PHOTOS: “The Twilight Saga: Breaking Dawn Part 1” Black Carpet Premiere
“We see the deal as a leveraged buyout with solid cash flow visibility for the next few years, because of Twilight,” writes analyst Ben Mogil, who predicts the four Twilight films — the final installment, Breaking Dawn Part 2, hits theaters in November — will generate at least $1.4 billion in revenue by 2017, more than paying back what Lionsgate will spend on the Summit acquisition.
That would be a welcome boost for Lionsgate and CEO Jon Feltheimer, who reported a loss of $24.6 million in the quarter ended Sept. 30 on sales of $358 million — in part because film revenue dropped 36 percent due to such disappointments as Conan the Barbarian and Taylor Lautner‘s Abduction.
STORY: Wall Street Chimes In on Lionsgate-Summit Deal
The most immediate beneficiaries of the deal will be Summit’s investors, who will reap their second payday in a year. In March, Summit refinanced with a new $550 million loan and a $200 million credit line, allowing them to use Twilight cash to pay back investors, including Rizvi Traverse, Participant Media and top executives Rob Friedman and Patrick Wachsberger.
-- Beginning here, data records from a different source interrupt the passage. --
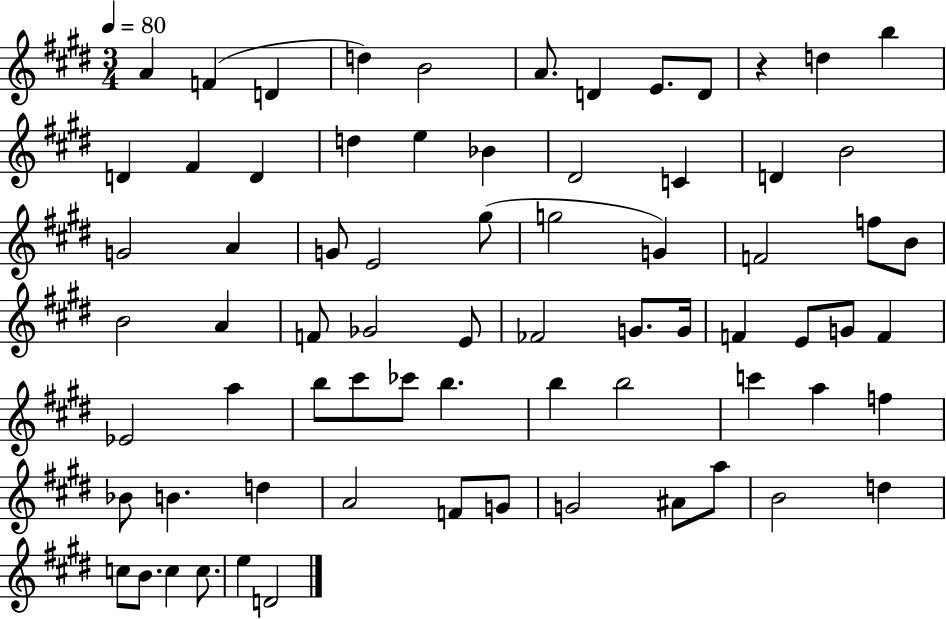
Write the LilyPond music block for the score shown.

{
  \clef treble
  \numericTimeSignature
  \time 3/4
  \key e \major
  \tempo 4 = 80
  a'4 f'4( d'4 | d''4) b'2 | a'8. d'4 e'8. d'8 | r4 d''4 b''4 | \break d'4 fis'4 d'4 | d''4 e''4 bes'4 | dis'2 c'4 | d'4 b'2 | \break g'2 a'4 | g'8 e'2 gis''8( | g''2 g'4) | f'2 f''8 b'8 | \break b'2 a'4 | f'8 ges'2 e'8 | fes'2 g'8. g'16 | f'4 e'8 g'8 f'4 | \break ees'2 a''4 | b''8 cis'''8 ces'''8 b''4. | b''4 b''2 | c'''4 a''4 f''4 | \break bes'8 b'4. d''4 | a'2 f'8 g'8 | g'2 ais'8 a''8 | b'2 d''4 | \break c''8 b'8. c''4 c''8. | e''4 d'2 | \bar "|."
} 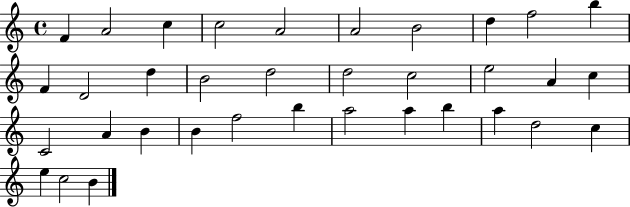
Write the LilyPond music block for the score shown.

{
  \clef treble
  \time 4/4
  \defaultTimeSignature
  \key c \major
  f'4 a'2 c''4 | c''2 a'2 | a'2 b'2 | d''4 f''2 b''4 | \break f'4 d'2 d''4 | b'2 d''2 | d''2 c''2 | e''2 a'4 c''4 | \break c'2 a'4 b'4 | b'4 f''2 b''4 | a''2 a''4 b''4 | a''4 d''2 c''4 | \break e''4 c''2 b'4 | \bar "|."
} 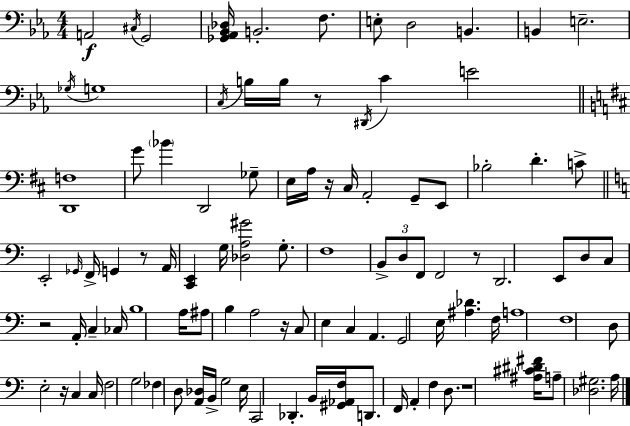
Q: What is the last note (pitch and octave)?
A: A3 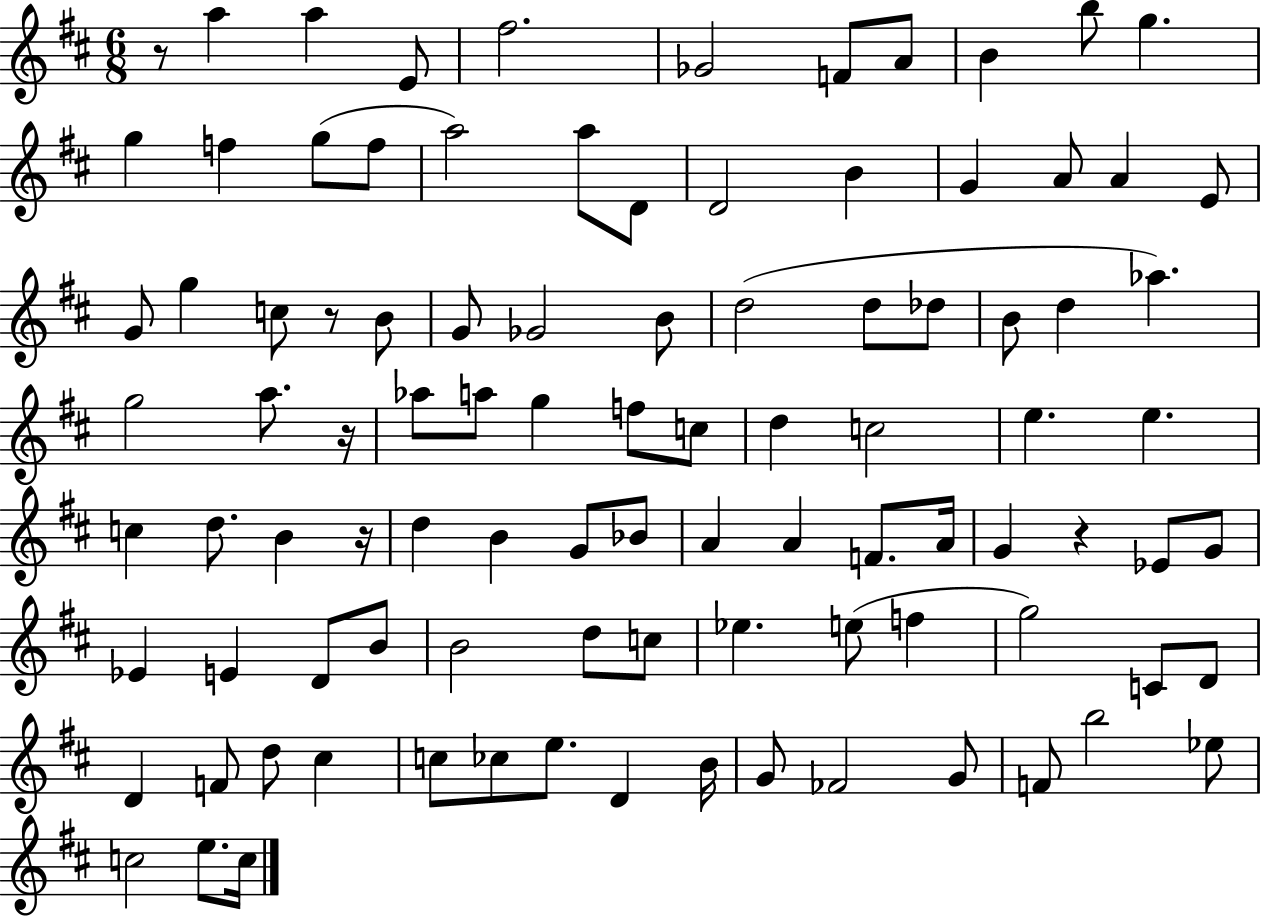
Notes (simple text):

R/e A5/q A5/q E4/e F#5/h. Gb4/h F4/e A4/e B4/q B5/e G5/q. G5/q F5/q G5/e F5/e A5/h A5/e D4/e D4/h B4/q G4/q A4/e A4/q E4/e G4/e G5/q C5/e R/e B4/e G4/e Gb4/h B4/e D5/h D5/e Db5/e B4/e D5/q Ab5/q. G5/h A5/e. R/s Ab5/e A5/e G5/q F5/e C5/e D5/q C5/h E5/q. E5/q. C5/q D5/e. B4/q R/s D5/q B4/q G4/e Bb4/e A4/q A4/q F4/e. A4/s G4/q R/q Eb4/e G4/e Eb4/q E4/q D4/e B4/e B4/h D5/e C5/e Eb5/q. E5/e F5/q G5/h C4/e D4/e D4/q F4/e D5/e C#5/q C5/e CES5/e E5/e. D4/q B4/s G4/e FES4/h G4/e F4/e B5/h Eb5/e C5/h E5/e. C5/s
Friedman and Wachsberger are expected to head the combined company’s film group, helping shepherd four planned Hunger Games movies starring Jennifer Lawrence based on the best-selling trilogy by Suzanne Collins. And Wachsberger, one of the industry’s top experts in international sales, should help bolster the company’s bottom line.
Layoffs are expected, and the future of the Lionsgate film team headed by Joe Drake seems uncertain. But the deal should leave the publicly traded company stronger, more diversified and better able to fend off corporate raiders like Carl Icahn.